A Hoppy Place’s Hayward is excited for the opportunities the deal presents the four smaller breweries, even if it does mean he feels unable to continue working with Cloudwater as things stand. He adds, however, that other supermarkets would have been preferable.

“I must say I do find it distasteful that it’s Tesco,” says Hayward. “Many pub goers will find a trip to their local now a trip to a Tesco Express store.”

BrewDog, which is contract-brewing all the beers but is not taking any profit from the Beer With Big Ideas box, is now certified as a B-Corp, a designation given to companies that balance profit, sustainability, and people. However, it was also recently accused of homophobia and transphobia in the dismissal of several employees from its bar in Indianapolis, Indiana and has frequently courted controversy on subjects such as sex work and gender equality.

Some industry figures will always see teaming up with such brands as hypocrisy, and the collaboration box as distracting from the negative elements of the news. But Jones is adamant that if it weren’t for the fact that he was putting exclusive Cloudwater beer into Tesco, this opportunity would not have arisen for the minority-owned breweries.

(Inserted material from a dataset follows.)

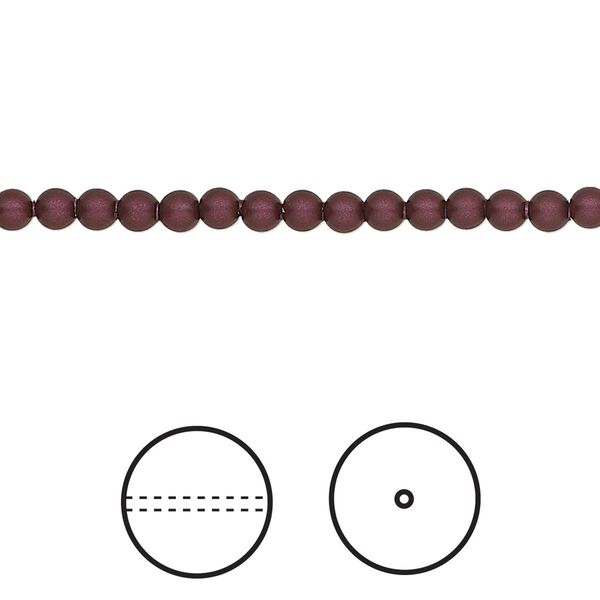 Pearl 1000pk elderberry, Swarovski® 3mm round 5810 image number 0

And if Tesco had refused to stock the collaboration pack, he would not have partnered with Tesco. He says he’s been chased by the supermarket for years and could have easily taken a deal in 2020 when things were tough.

“We only found the drive to take the deal [now] because we could use that draw to benefit these wonderful people, who have had too tough of a time getting a start in this industry,” he says.

What the long-term impact of one of the U.K.’s most influential breweries going into a national retailer will be remains up for debate. But at the very least it has given four new beer businesses an opportunity none had before.